THE ACTION OF MORPHINE ON THE MAMMALIAN CIRCULATION

CARL F. SCHMIDT 1 and A. E. LIVINGSTON 1

1 From the Laboratory of Pharmacology, University of Pennsylvania

1. Intravenous injection of morphine causes a marked and primary fall in blood pressure in dogs and cats, unanesthetized, decerebrated, or anesthetized. Subcutaneous injection also causes a fall in pressure, but much larger doses are required. In rabbits, rats, and guinea pigs no fall in pressure occurs, even upon intravenous injection of relatively enormous doses.

2. Depression of the vasomotor center probably plays some part in this effect, but most of it is due to dilatation of cutaneous and muscular blood vessels by direct action upon their walls. The isolated heart is depressed by morphine, but the heart in situ is not significantly affected by doses sufficient to cause a marked fall in blood pressure. Central cardiac inhibition and respiratory depression play no part in the depressor effect of morphine injected intravenously.
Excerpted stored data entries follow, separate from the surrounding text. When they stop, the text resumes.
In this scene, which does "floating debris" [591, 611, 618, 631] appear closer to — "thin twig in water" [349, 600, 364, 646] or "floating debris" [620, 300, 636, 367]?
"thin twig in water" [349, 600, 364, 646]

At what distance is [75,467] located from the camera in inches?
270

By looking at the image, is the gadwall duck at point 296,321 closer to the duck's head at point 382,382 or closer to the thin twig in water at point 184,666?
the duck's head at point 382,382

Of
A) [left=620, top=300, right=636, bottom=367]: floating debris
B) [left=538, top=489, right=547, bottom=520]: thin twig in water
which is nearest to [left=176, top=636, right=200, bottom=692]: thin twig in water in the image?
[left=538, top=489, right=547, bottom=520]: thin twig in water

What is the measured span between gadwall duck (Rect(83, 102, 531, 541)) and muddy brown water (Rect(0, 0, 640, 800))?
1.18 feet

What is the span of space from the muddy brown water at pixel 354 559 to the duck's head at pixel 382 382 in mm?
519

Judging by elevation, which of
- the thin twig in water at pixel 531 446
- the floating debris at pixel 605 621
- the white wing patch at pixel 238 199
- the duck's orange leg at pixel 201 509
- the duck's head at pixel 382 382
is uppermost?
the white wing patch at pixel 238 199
3. Chronically poisoned tolerant dogs are highly resistant to the depressor effect of such injections, but chronically poisoned dogs that have not become tolerant have no such resistance. The circulatory response to intravascular injection of a small quantity of morphine therefore furnishes a ready means of testing for the presence or absence of tolerance to it, provided that morphine was the only drug of the group that has been given.
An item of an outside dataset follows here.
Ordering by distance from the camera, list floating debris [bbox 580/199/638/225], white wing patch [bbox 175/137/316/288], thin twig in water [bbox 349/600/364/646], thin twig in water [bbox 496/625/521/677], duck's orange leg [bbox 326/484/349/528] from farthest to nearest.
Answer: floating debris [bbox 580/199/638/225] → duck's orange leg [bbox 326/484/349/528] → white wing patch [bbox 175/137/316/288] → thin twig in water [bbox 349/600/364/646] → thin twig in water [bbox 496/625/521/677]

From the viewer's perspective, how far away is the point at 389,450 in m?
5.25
4. Upon repeated intravenous injections of morphine in normal dogs, the depressor effect diminishes progressively and soon disappears, blood pressure recovers, and even enormous quantities of morphine cease to have any depressor effect. This is due to the rapid appearance of resistance to the vasodilator action, comparable with that displayed by the chronically poisoned tolerant animal. Similar results can be obtained by subcutaneous injection of a fairly large dose of morphine. For this phenomenon the term "acute tolerance" is proposed.

5. Evidence is presented that the property of rapidly becoming resistant to the depressant effects of morphine upon exposure to high concentrations of it is not peculiar to the blood vessels, but is shared by the vasomotor and respiratory centers. The following paper contains evidence that the same is true of the cerebrum as a whole.